Exercise goal: Nothing should appear in the answer except the lines from the one containing "Picture of Exedy" through the end of the records below, written out exactly.

[Items from a dataset]
==*==

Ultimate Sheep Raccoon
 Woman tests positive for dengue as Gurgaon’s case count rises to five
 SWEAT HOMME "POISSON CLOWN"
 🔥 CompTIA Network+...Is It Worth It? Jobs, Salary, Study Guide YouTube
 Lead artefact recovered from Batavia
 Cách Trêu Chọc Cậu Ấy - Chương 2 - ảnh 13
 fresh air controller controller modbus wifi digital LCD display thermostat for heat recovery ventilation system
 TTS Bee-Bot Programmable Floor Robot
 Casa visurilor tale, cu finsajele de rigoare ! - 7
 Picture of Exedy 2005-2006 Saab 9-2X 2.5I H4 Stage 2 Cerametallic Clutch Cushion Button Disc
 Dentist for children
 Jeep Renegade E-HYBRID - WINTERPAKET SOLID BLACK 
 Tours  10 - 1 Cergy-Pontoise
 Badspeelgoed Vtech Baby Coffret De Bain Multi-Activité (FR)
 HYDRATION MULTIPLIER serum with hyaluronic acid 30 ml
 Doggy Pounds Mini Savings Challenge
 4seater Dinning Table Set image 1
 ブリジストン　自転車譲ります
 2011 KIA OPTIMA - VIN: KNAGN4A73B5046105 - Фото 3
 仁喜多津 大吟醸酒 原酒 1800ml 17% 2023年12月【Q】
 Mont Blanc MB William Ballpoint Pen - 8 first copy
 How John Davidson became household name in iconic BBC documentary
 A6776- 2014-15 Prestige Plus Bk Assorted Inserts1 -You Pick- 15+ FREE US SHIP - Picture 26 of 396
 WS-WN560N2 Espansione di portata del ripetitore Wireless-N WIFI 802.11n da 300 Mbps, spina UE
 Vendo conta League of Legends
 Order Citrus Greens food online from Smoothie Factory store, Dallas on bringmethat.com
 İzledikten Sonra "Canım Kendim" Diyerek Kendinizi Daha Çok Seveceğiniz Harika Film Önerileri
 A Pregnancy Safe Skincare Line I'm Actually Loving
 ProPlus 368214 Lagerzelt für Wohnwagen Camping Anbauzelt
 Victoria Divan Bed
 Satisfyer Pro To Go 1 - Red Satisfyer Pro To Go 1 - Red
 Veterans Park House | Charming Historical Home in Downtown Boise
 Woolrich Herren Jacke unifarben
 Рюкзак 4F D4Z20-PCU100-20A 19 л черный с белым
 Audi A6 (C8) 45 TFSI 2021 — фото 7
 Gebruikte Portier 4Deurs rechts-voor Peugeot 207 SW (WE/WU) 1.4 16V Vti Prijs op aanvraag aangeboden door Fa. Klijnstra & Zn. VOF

==*==

Response:
 Picture of Exedy 2005-2006 Saab 9-2X 2.5I H4 Stage 2 Cerametallic Clutch Cushion Button Disc
 Dentist for children
 Jeep Renegade E-HYBRID - WINTERPAKET SOLID BLACK 
 Tours  10 - 1 Cergy-Pontoise
 Badspeelgoed Vtech Baby Coffret De Bain Multi-Activité (FR)
 HYDRATION MULTIPLIER serum with hyaluronic acid 30 ml
 Doggy Pounds Mini Savings Challenge
 4seater Dinning Table Set image 1
 ブリジストン　自転車譲ります
 2011 KIA OPTIMA - VIN: KNAGN4A73B5046105 - Фото 3
 仁喜多津 大吟醸酒 原酒 1800ml 17% 2023年12月【Q】
 Mont Blanc MB William Ballpoint Pen - 8 first copy
 How John Davidson became household name in iconic BBC documentary
 A6776- 2014-15 Prestige Plus Bk Assorted Inserts1 -You Pick- 15+ FREE US SHIP - Picture 26 of 396
 WS-WN560N2 Espansione di portata del ripetitore Wireless-N WIFI 802.11n da 300 Mbps, spina UE
 Vendo conta League of Legends
 Order Citrus Greens food online from Smoothie Factory store, Dallas on bringmethat.com
 İzledikten Sonra "Canım Kendim" Diyerek Kendinizi Daha Çok Seveceğiniz Harika Film Önerileri
 A Pregnancy Safe Skincare Line I'm Actually Loving
 ProPlus 368214 Lagerzelt für Wohnwagen Camping Anbauzelt
 Victoria Divan Bed
 Satisfyer Pro To Go 1 - Red Satisfyer Pro To Go 1 - Red
 Veterans Park House | Charming Historical Home in Downtown Boise
 Woolrich Herren Jacke unifarben
 Рюкзак 4F D4Z20-PCU100-20A 19 л черный с белым
 Audi A6 (C8) 45 TFSI 2021 — фото 7
 Gebruikte Portier 4Deurs rechts-voor Peugeot 207 SW (WE/WU) 1.4 16V Vti Prijs op aanvraag aangeboden door Fa. Klijnstra & Zn. VOF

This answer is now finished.